Only one thing: somewhere along the line I decided that I suck at collage. Part of me never really expected to use the images in the book, but thought they might come in handy for art swaps at the very least.
In my time of need, I revisited the initial inspiration to use the book for collage, along with internal comments such as, “yeah, but you don’t do collage” followed by other thoughts of “well, why not?”
As Sunday afternoon approached, I settled into the idea more and more. Maybe I could do collage after all. Maybe I thought I sucked at collage because I was trying to collage the way other people collaged. Maybe I needed to find my own way of doing it. Maybe just start cutting and tearing up paper and see what happens.
So that’s what I did.
I’ll admit to feelings of frustration and almost giving up because I wasn’t totally sure of what I was doing. I also admit to the fact that part of what kept me going was knowing that if I didn’t finish this, I wouldn’t be in the Sketchbook Project Ltd. book that I’ve already paid for, and that would really bum me out.
In order to help me meet my goal and overcome uncertainty and frustration when it came up, I set one important rule for myself: don’t over think it!
That became my motto. Whenever I started to fiddle for too long, I would remember my motto and I’d either have to make a decision right away, or move on to something else. This was the best rule I’ve ever come up with! It was both freeing and challenging. I’m used to taking my time, thinking about things for days before making a decision. I didn’t have that option with this project, and in the end it was so much fun to simply have an idea and go with it. If in the short term, the idea didn’t pan out, I had the option to move on to something else, but I had to keep going. It was truly a revelation!
My first two pages came together with very little thought or deliberation. I was drawn to a few scraps of paper that were “leftovers” from more purposeful tearing and cutting, and the composition practically assembled itself.
Don’t you love when that happens?
Not all of the arrangements came together quite so smoothly. I fiddled with the layout of the shapes on pages 17-18 the longest out of all the pages. I kept to my rule of not messing around with any one idea too long before moving on, but I kept coming back to it, knowing I wanted to use the triangles in some way.
To choose one single spread that I like the most in this book might not be possible, but I do have a favorite in terms of how it came to be. Pages 11-12 are the epitome of my “not over thinking it” process.
I found two scraps of paper (the ones you see on the bottom left of each arrangement) that were very similar in shape, even having the same bit of extra paper the folded over to the front. When I discovered them, I knew they had to go in the book, so I looked to see if there were any more like them. There weren’t. Just those two. In the spirit of not over thinking, I said to myself, “ok, you just have the two pieces. now figure it out.” So I did. Step by step I made decisions to get the composition to where you see it. It was a new way of working for me, and it was so cool to see where the process took me. Every time I look at this image, I get a strong feeling of familiarity. I’m not sure why or where it comes from. Maybe it has to do with going with the flow and doing what needed to be done in the moment, and therefore creating something that was “just right”?

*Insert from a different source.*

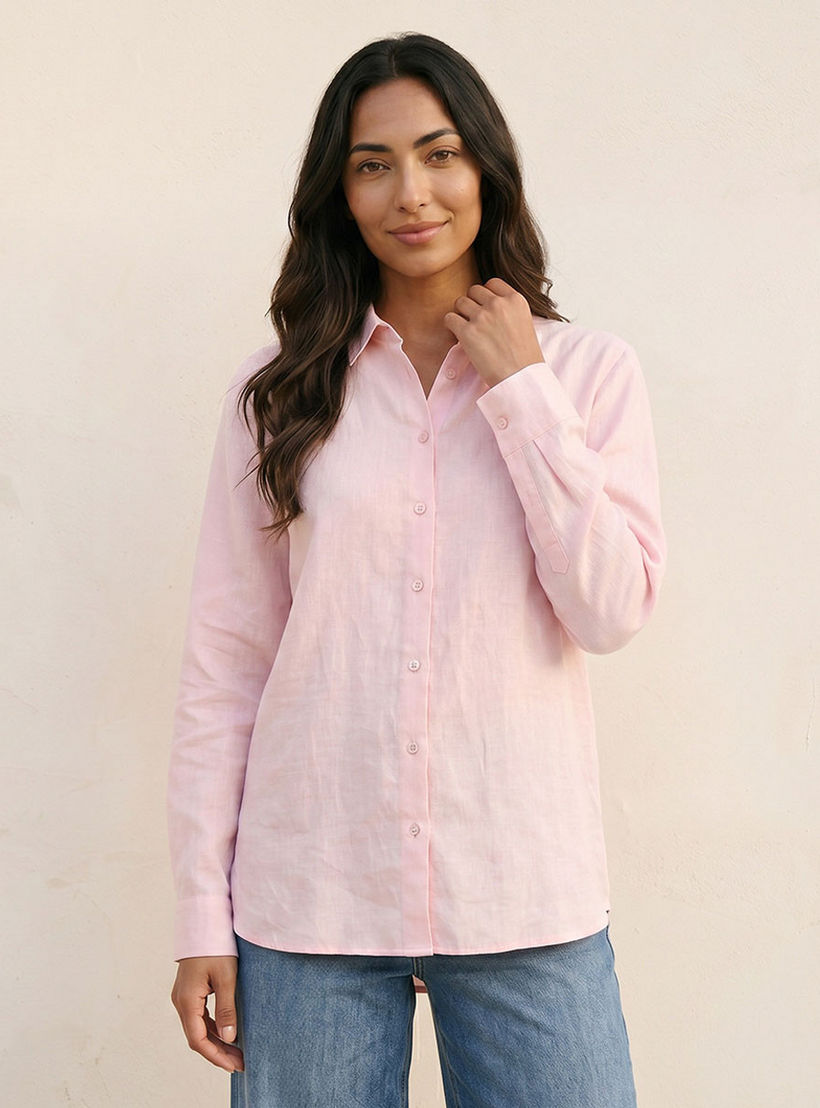 Splash Basic Collared Linen Shirt-women-clothing-shirtsandblouses-shirts-image-5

As I continued to work, a theme seemed to develop for my sketchbook on its own. Many of the compositions are a comparison of different shapes and textures that I arranged in a manner that emphasizes their similarities. Perhaps another title for this sketchbook could be “Similarities in Difference”. Pages 15-16 are a good example of the discovered theme.
Despite the fact that each individual shape is unique, they fit together in small groups and then as a whole pattern in a harmonious way. Their similarities are notable, as are their differences!
For most of the pages in the book, I arranged the compositions of pieces of paper, deciding on the final arrangement before gluing them in place. With pages 21-22, I quickly realized that wouldn’t be possible.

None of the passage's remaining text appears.